# Senior Project: Stock Market Analysis and Prediction

## Stock Market Data From Yahoo Finance API 

### Introduction

   Created by Hibah Agha, Jamie Serpico, Devyn Kipphut, and Brandon Le
   



In [None]:
import mercury as mr

In [None]:
import yfinance as yf
import pandas as pd
pd.options.mode.chained_assignment=None
import numpy as np
import math
from sklearn.preprocessing import MinMaxScaler
from keras.models import Sequential
from keras.layers import Dense, LSTM, Dropout
import matplotlib.pyplot as plt
plt.style.use('fivethirtyeight')
import logging
logger = logging.getLogger("cmdstanpy")
logger.addHandler(logging.NullHandler())
logger.propogate = False
logger.setLevel(logging.CRITICAL)

In [None]:
def print_info(yf_tickers):
    if isinstance(yf_tickers, yf.Ticker):
        print(f"\n{'='*80}")
        space = ' '
        print(f"{space*33}{yf_tickers.info['symbol']}\n")
        for key in yf_tickers.info:
            print(f"--> {key:>29} : {yf_tickers.info[key]}")

    elif isinstance(yf_tickers, yf_Tickers):
        for ticker in yf_tickers.tickers:
            print(f"\n{'='*80}")
            space = ' '
            print(f"{space*33}{ticker.info['symbol']}\n")
            for key in ticker.info.keys():
                print(f"--> {key:>29} : {ticker.info[key]}")

def print_table(yf_tickers):
    if isinstance(yf_tickers, yf.Ticker):
        ticker = yf_tickers
        print(f"| {ticker.info.get('symbol', 'NONE'):<5} | {ticker.info.get('sector', 'NONE'):>25} | " + \
              f"{ticker.info.get('currency', 'NONE'):>4} | {ticker.info.get('quoteType', 'NONE'):>6} | " + \
              f"{ticker.info.get('shortName', 'NONE'):<35} |")
        
    elif isinstance(yf_tickers, yf.Tickers):
        for ticker in yf_tickers.tickers:
            print(f"| {ticker.info.get('symbol', 'NONE'):<5} | {ticker.info.get('sector', 'NONE'):>25} | " + \
              f"{ticker.info.get('currency', 'NONE'):>4} | {ticker.info.get('quoteType', 'NONE'):>6} | " + \
              f"{ticker.info.get('shortName', 'NONE'):<35} |")

In [None]:
#ticker = yf.Ticker('AAPL')
#df = yf.download('AAPL', start='2018-03-21', end='2023-03-21')
# For cryptocurrencies, add -USD at the end of your Ticker name
#tickerName = input('What is your Stock ticker name? (e.g.
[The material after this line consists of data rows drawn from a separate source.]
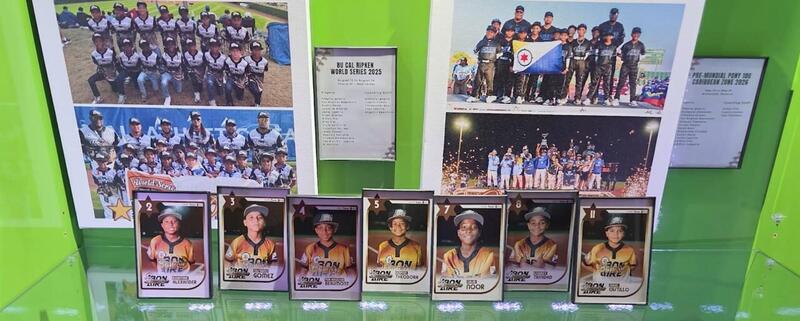 Brandaris Café ta honra kampionnan di Pony League ku selebrashon i un vitrina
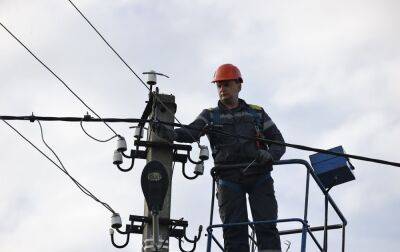 У Хмельницькій області відновили електропостачання після ворожого обстрілу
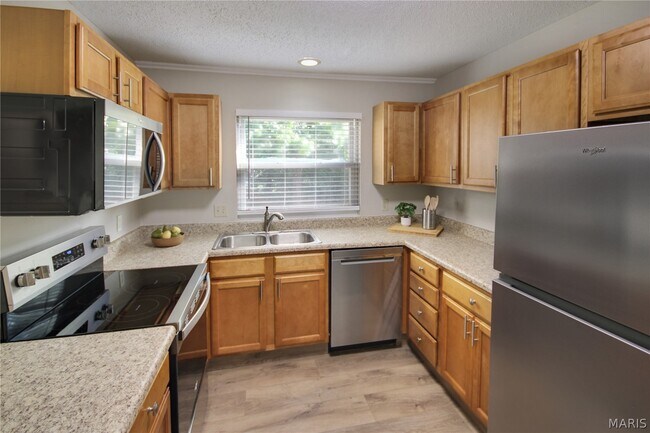 1392 Justerini Dr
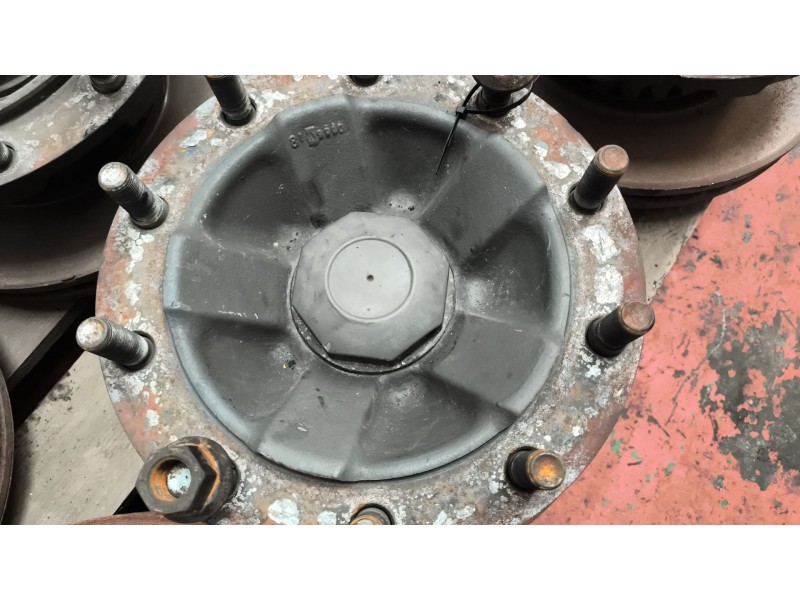 Recambio de buje delantero para renault magnum ab 2005 12.8 diesel referencia OEM IAM 7421022433  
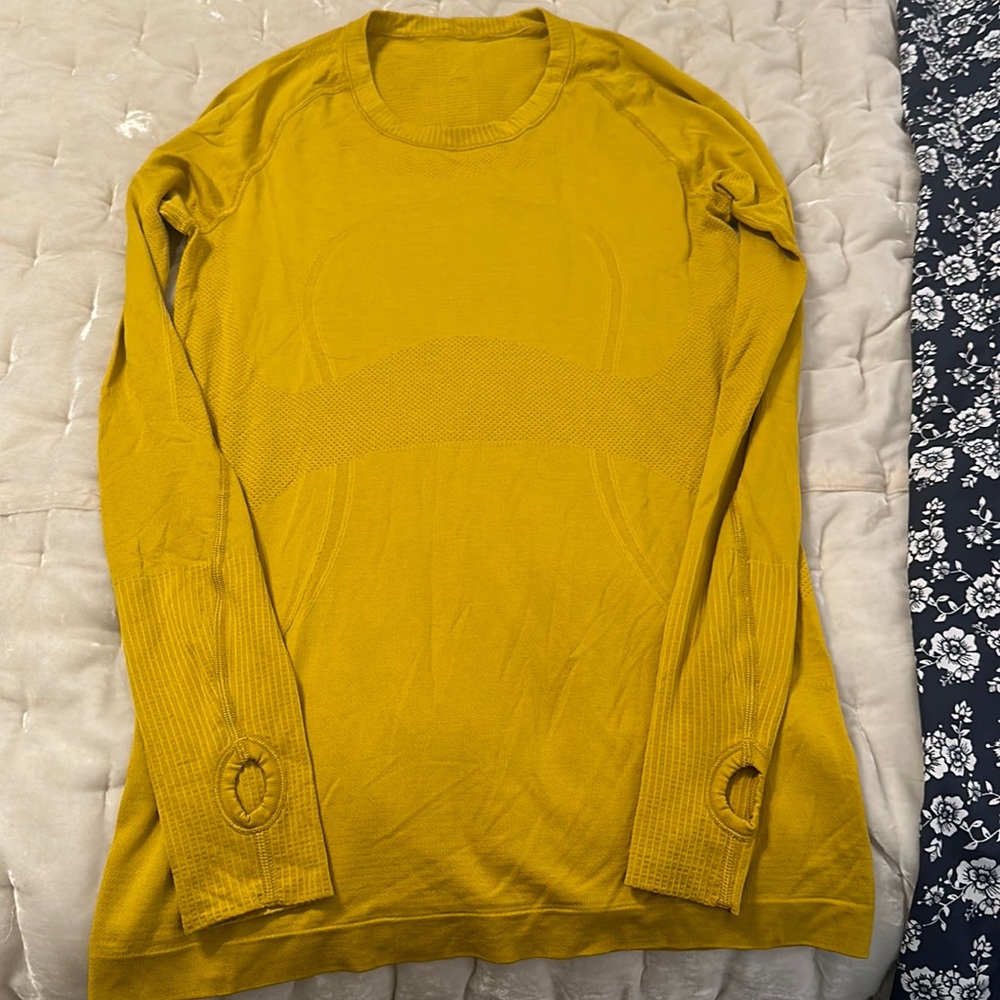 Lululemon Swiftly Tech Tank Top. Mustard Yellow. Size 8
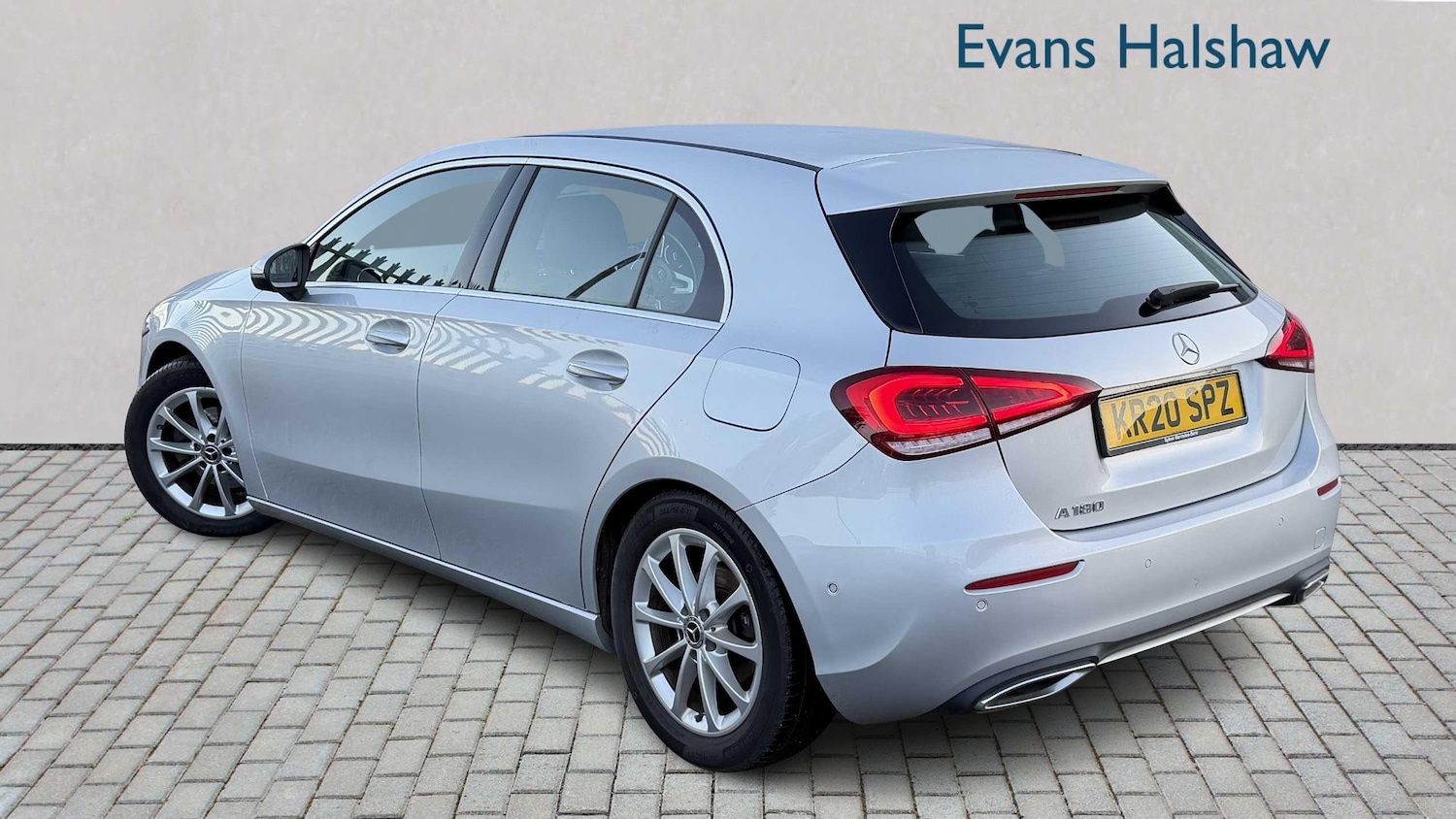 Used Mercedes-Benz A-Class 2020 for sale - 76804806: Photo 2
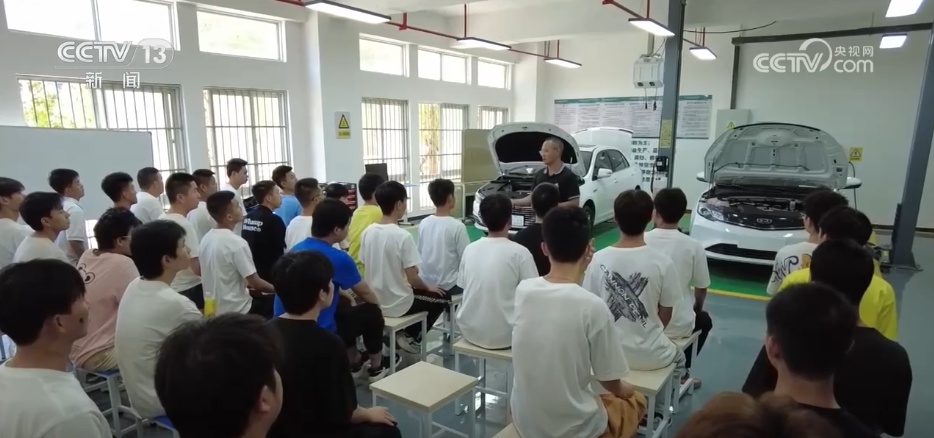 六大领域+三类群体+3000万人次 我国开展大规模职业技能培训行动 六大领域+三类群体+3000万人次 我国开展大规模职业技能培训行动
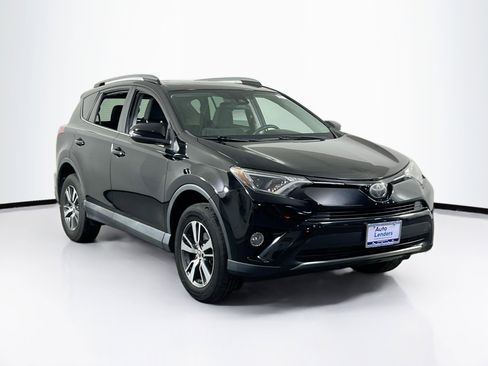 Used 2018 Toyota RAV4 XLE w/ Plus Extra Value Package image 3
AAPL = Apple)').upper()
show_code = mr.Checkbox(label="Show Code", value=False)
app = mr.App(title="Senior Project", description="Stock Market Analysis and Prediction using Yahoo Finance", show_code=show_code.value)
tickerNameBox = mr.Text(label="Step 1: Choose a Ticker")
startDateBox = mr.Text(label="Step 2: Pick start date in this format: YYYY-MM-DD")
endDateBox = mr.Text(label="Step 3: Pick end date in this format: YYYY-MM-DD")
epochBox =  mr.Slider(value=5, min=1, max=10, label="Step 4: Choose a number of Epochs. (Higher is more accurate)", step=1)
tickerName = tickerNameBox.value
startDate = startDateBox.value
endDate = endDateBox.value
epochCount = epochBox.value
if startDate == "" or endDate == "" or tickerName == "":
    mr.Stop()
#note = mr.Note(text="Step 1. Choose a Ticker Name")
#note2 = mr.Note(text="Step 2. Choose a Start Date (ie. YYYY-MM-DD)")
#note3 = mr.Note(text="Step 3. Choose an End Date")

In [None]:
mr.Markdown(f"""## You have chosen the stock:  {tickerName}!
We will show you info and predictions from {startDate} to {endDate}
""")
# print(tickerName)
# print(startDate)
# print(endDate)
df = yf.download(tickerName, startDate, endDate)


In [None]:
df
# Close is the raw close and Adj Close is the Closing added with other stock attributes
# df.shape

In [None]:
df.shape

In [None]:
mr.Md(f"""
##Showing Graph of History for {tickerName}
""")

plt.figure(figsize=(16,8))
plt.title('Close Price History of ' +str(tickerName))
plt.plot(df['Close'])
plt.xlabel('Date', fontsize = 18)
plt.ylabel('Close Price USD ($)', fontsize = 18)
plt.show()

In [None]:
data = df.filter(['Close'])
#Convert the dataframe to a numpy array
dataset = data.values
#Get the number of rows to train the model on
training_data_len = math.ceil(len(dataset) * .8)

training_data_len

In [None]:
#Scale the data
scaler = MinMaxScaler(feature_range=(0,1))
scaled_data = scaler.fit_transform(dataset)

#scaled_data


In [None]:
#Create the training data set
#Create the scaled training set

train_data = scaled_data[0:training_data_len, :]
#Split the data into x_train and y_train datasets

x_train = []
y_train = []

for i in range(60, len(train_data)):
    x_train.append(train_data[i-60:i, 0])
    y_train.append(train_data[i, 0])
    # if i<= 61:
        # print(x_train)
        # print(y_train)
        # print()

In [None]:
x_train, y_train = np.array(x_train), np.array(y_train)


In [None]:
x_train = np.reshape(x_train, (x_train.shape[0], x_train.shape[1], 1))
x_train.shape

In [None]:
model = Sequential()
model.add(LSTM(50, return_sequences=True, input_shape=(x_train.shape[1], 1)))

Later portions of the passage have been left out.